**Exercise instructions**
In the listing, locate the line containing "wall in art", then quote it and all following lines exactly. Omit pictures.

**Data excerpt**
=== Begin Enclosure ===

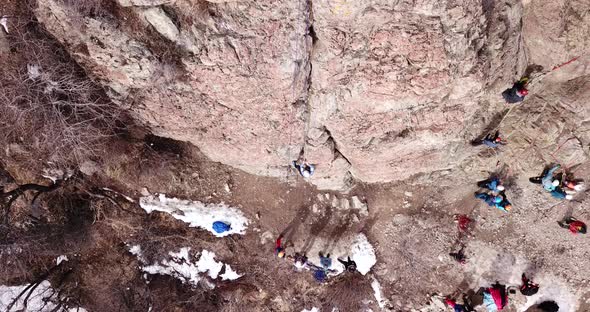 A Group of People are Engaged in Rock Climbing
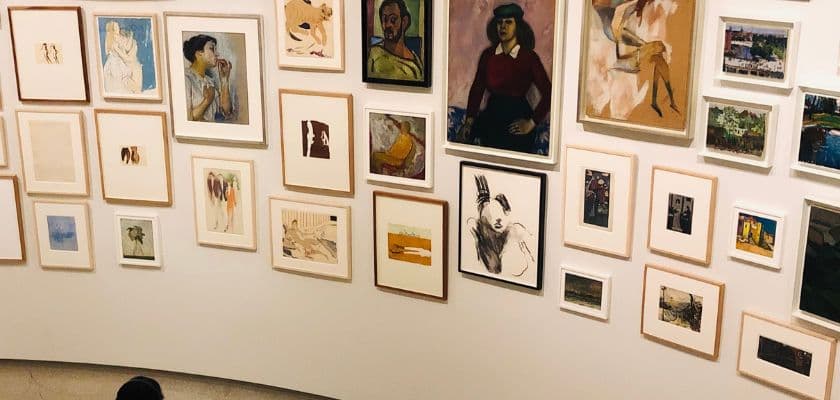 wall in art gallery displaying various framed paintings and drawings in different styles and sizes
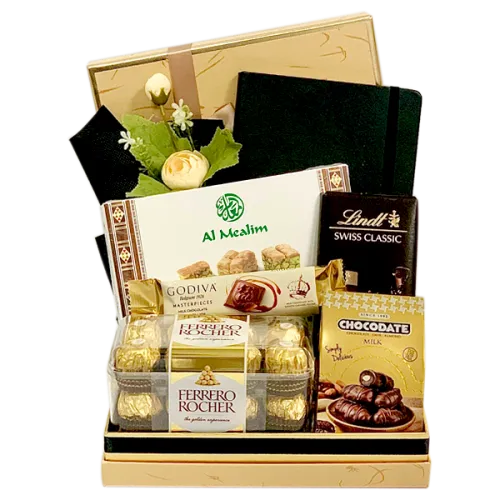 The Executive Gift Basket with chocolates, Arabian sweets, notebook, wrapped in cellophane with ribbons and bows.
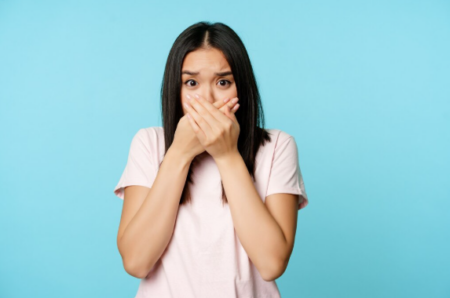 How Early Orthodontic Treatment with Metal Braces Supports Better Alignment Child with metal braces smiling during orthodontic treatment to correct teeth alignment and improve oral health.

=== End Enclosure ===

**Result of the exercise**
 wall in art gallery displaying various framed paintings and drawings in different styles and sizes
 The Executive Gift Basket with chocolates, Arabian sweets, notebook, wrapped in cellophane with ribbons and bows.
 How Early Orthodontic Treatment with Metal Braces Supports Better Alignment Child with metal braces smiling during orthodontic treatment to correct teeth alignment and improve oral health.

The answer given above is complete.